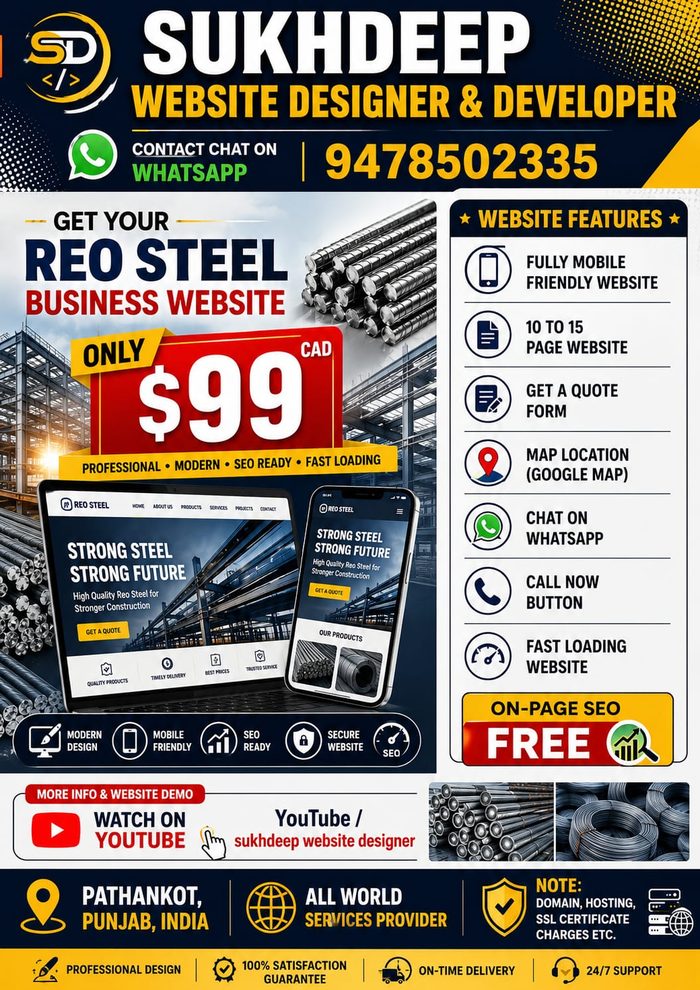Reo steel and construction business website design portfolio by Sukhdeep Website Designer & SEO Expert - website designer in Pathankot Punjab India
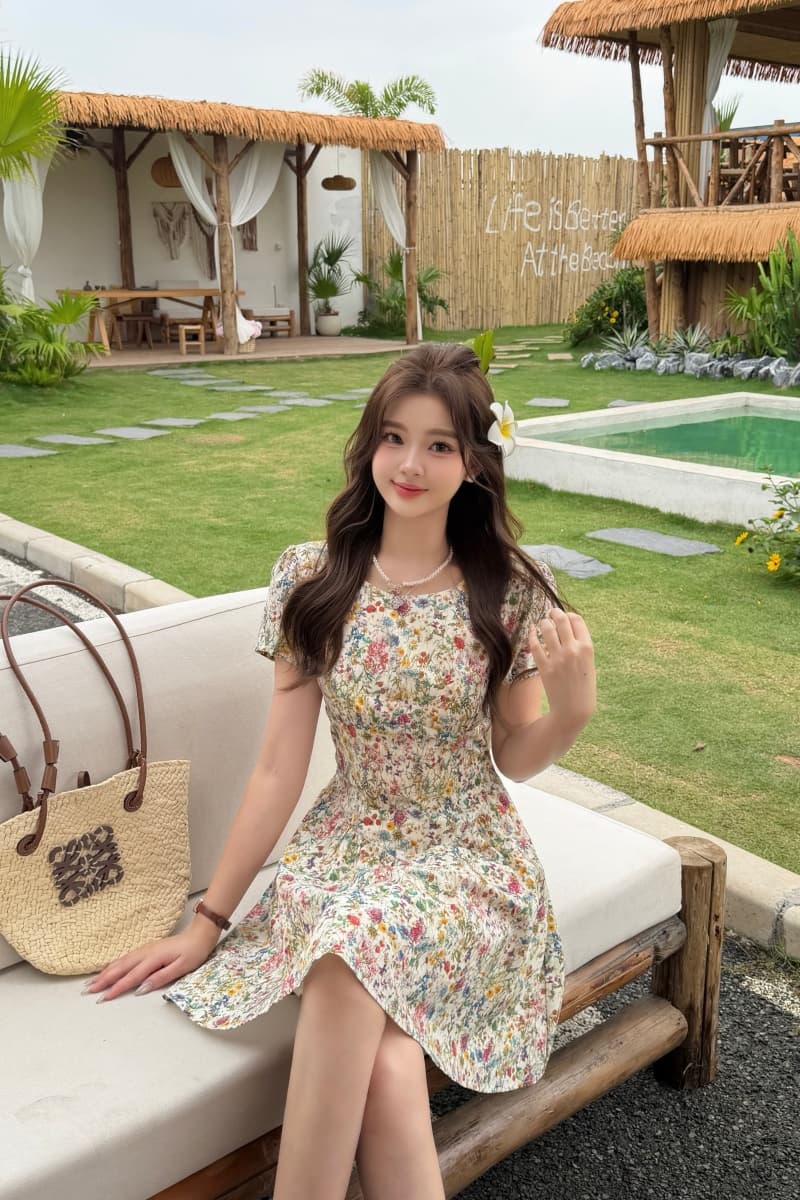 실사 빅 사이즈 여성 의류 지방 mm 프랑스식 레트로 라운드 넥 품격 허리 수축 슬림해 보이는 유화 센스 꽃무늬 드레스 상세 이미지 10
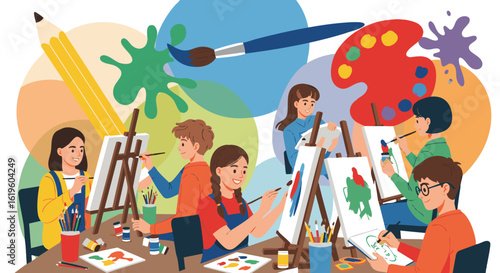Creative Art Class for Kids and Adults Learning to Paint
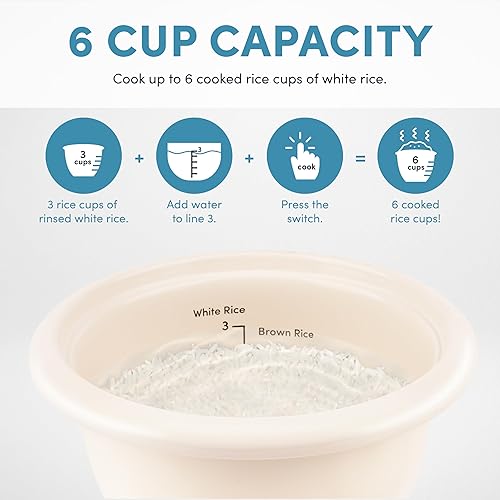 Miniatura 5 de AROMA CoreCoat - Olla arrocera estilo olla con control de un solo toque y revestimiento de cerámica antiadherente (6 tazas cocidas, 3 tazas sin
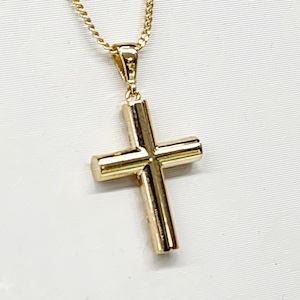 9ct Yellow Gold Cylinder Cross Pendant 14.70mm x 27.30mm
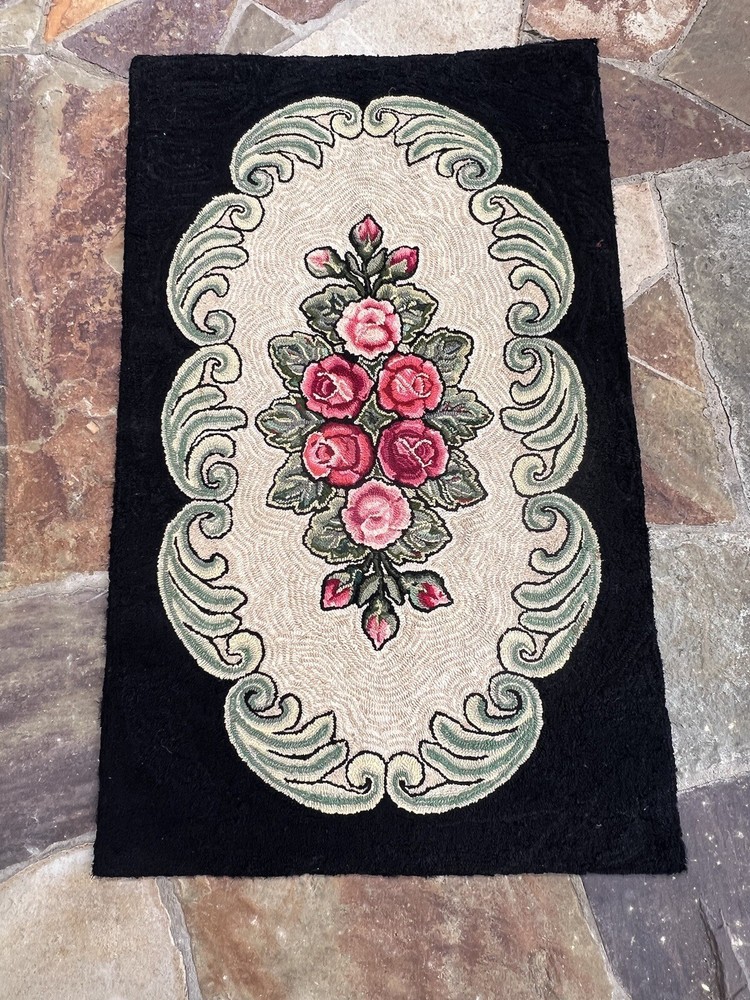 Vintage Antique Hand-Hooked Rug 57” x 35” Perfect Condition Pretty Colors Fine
------------------------------------------------------------
* [Assignment]: Write out exactly and only the lines that run from the start of the data above through the line containing "Creative Art Class", leaving the pictures out.

* [Solution to this task]:
Reo steel and construction business website design portfolio by Sukhdeep Website Designer & SEO Expert - website designer in Pathankot Punjab India
 실사 빅 사이즈 여성 의류 지방 mm 프랑스식 레트로 라운드 넥 품격 허리 수축 슬림해 보이는 유화 센스 꽃무늬 드레스 상세 이미지 10
Creative Art Class for Kids and Adults Learning to Paint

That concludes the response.